Calculation method for shot blasting deformation of large-size arc-shaped part

Technical Field

The invention relates to the technical field of arc-shaped part deformation calculation, in particular to a calculation method for shot blasting deformation of a large-size arc-shaped part.

Background

The large-size thin-wall arc-shaped part is an important structural part of an airplane body and has the characteristics of large size, thin wall, complex wall thickness change and the like. According to the process requirements, shot peening strengthening treatment is required to be carried out on the surface of the arc-shaped piece so as to improve the fatigue performance of the arc-shaped piece and change the surface state of the arc-shaped piece. Shot peening has become an important surface treatment technology, is becoming more and more important in modern aerospace manufacturing, and has become one of the important research contents.
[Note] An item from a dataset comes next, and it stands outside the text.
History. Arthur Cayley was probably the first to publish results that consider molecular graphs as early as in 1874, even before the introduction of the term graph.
In the process of mass actual production and test, the structural characteristics of the arc-shaped part and the influence of residual stress generated by shot blasting are found, the component is easy to deform after the shot blasting process is finished, the profile tolerance required by a drawing can not be met, meanwhile, the assembly requirement can not be met functionally, the rejection rate of the arc-shaped part is as high as 50% -60%, the out-of-tolerance rate is more than 80%, the prediction of the shot blasting deformation of the arc-shaped part is a great problem in the field of shot blasting reinforcement, and the reduction of the rejection rate has great economic value.

Disclosure of Invention

The invention aims to provide a calculation method for shot blasting deformation of a large-size arc-shaped part, which can efficiently, quickly and accurately predict the deformation of the large-size part under different shot blasting parameters before shot blasting process treatment, and provides reference and basis for formulation and optimization of a shot blasting scheme.
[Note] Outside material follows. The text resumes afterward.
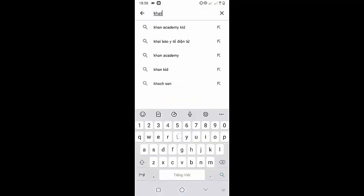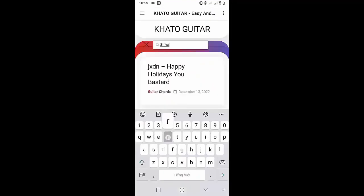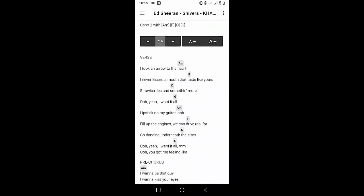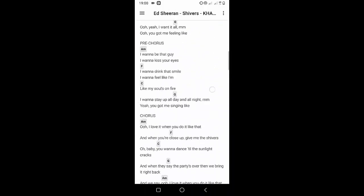Welcome to Kata Guitar Channel. Before going to the song tutorial, download the Kata Guitar Chord Lookup software on the Google Play Store for easy tracking. Now it's time for the video tutorial.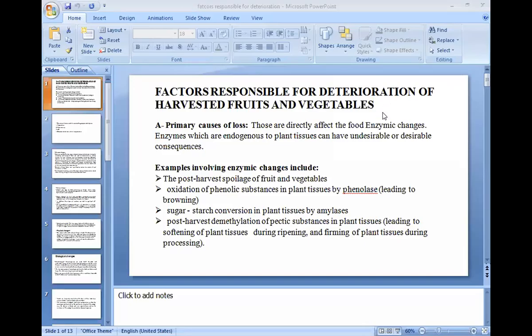Factors responsible for deterioration of harvested fruits and vegetables. There are different factors responsible for deterioration of harvested fruits and vegetables. There are first primary causes and second secondary causes, and some site of losses. The primary causes are those that directly affect food. These are the four primary causes.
The invention is realized by the following technical scheme: a calculation method for shot blasting deformation of a large-size arc-shaped part specifically comprises the following steps:

step S1: testing and detecting;

step S2: finite element multi-shot simulation;

step S3: establishing an induced stress library;

step S4: calculating shot blasting deformation of the large-size thin-wall arc-shaped part; specifically, the method comprises the following steps: and predicting the shot blasting deformation of the thin-wall arc-shaped part by establishing a theoretical model.

Further, in order to better implement the present invention, the step S4 specifically includes the following steps:

step S41: according to the structural characteristics of the arc-shaped piece, the arc-shaped piece is simplified into a variable-section curved beam with an arc axis, a T-shaped cross section and symmetrical relative to an axis plane;

step S42: establishing a coordinate system, and setting the axis of the arc-shaped piece as an S axis; the normal direction of the cross section is set as an X axis, the symmetrical axis of the cross section of the arc piece is set as a Y axis, the S axis and the Y axis are vertical, and the cross section is set as a Z axis;

step S43: calculating equivalent axial force and bending moment;

N(S)＝∫_Aσ_xdA，M(S)＝∫_Aσ_xydA； (1)；

wherein y is the distance from the neutral layer;

a is the cross-sectional area of the arc-shaped part;

σ_xthe equivalent axial force N and the bending moment M are balanced with the constraint force on the boundary;

step S44: and (3) calculating the differential equation of the deformation of the arc piece after the boundary condition is withdrawn as follows:

wherein: j. the design is a square_z＝∫_Ay²/(1-y/R)dA (3)；

E is the elastic modulus of the material;

r is the axial radius of the arc-shaped piece;

u is the displacement of the centroid of the cross section for plane bending deformation of the arc-shaped piece along the s axis;

v is the displacement of the centroid of the cross section for plane bending deformation of the arc-shaped piece along the Y axis;

when R → ∞ is reached, the curved beam becomes a straight beam, J_ZThe section inertia moment is obtained by solving the formula (2) to obtain u and v, namely the arc-shaped piece bends along the axis and extends and deforms;

step S45: and (3) establishing an arc-shaped piece rigidity model by utilizing Python language, and obtaining the deformation by combining shot blasting induced stress.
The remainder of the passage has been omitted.